Online Mode Switch Algorithms for Maintaining Data Freshness in Dynamic Cyber-Physical Systems

Abstract

Maintaining the freshness of real-time data is one of the crucial design issues in cyber-physical systems (CPS). Past studies have focused on designing update algorithms to minimize the workload imposed by a fixed set of update tasks while ensuring the temporal validity of data. In this paper, we revisit this problem in dynamic cyber-physical systems (DCPS) which may exhibit multi-modal behavior. Any solution to this problem must recognize that: (1) different update algorithms may be needed in different modes according to the workload in each mode, and (2) temporal validity of data must be maintained not only in each mode but also during the mode switch.
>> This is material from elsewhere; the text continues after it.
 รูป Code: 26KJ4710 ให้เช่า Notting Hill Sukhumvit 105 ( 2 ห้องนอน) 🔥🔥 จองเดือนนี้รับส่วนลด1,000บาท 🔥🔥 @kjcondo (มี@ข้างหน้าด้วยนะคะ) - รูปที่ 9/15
To strike a balance between data freshness and system schedulability, we propose a utilization-based scheduling selection (UBSS) strategy. We first introduce two synchronous mode switch algorithms, named search-based switch (SBS) and adjustment-based switch (ABS) to search for the proper switch point online and execute all update tasks in the new mode synchronously. SBS checks for temporal validity at the beginning time slot of each idle period in the schedule, while ABS relaxes this restriction through schedule adjustment. To support immediate mode switch, we propose an asynchronous switch algorithm named instant switch (IS) to reduce the switch delay. IS schedules outstanding jobs from the old mode together with the jobs in the new mode using the least-available-laxity-first scheduling policy. Our experimental results demonstrate the effectiveness of these three algorithms. They also show that UBSS strategy can significantly outperform a single fixed update algorithm in terms of maintaining better data freshness while incurring only limited online switch overhead.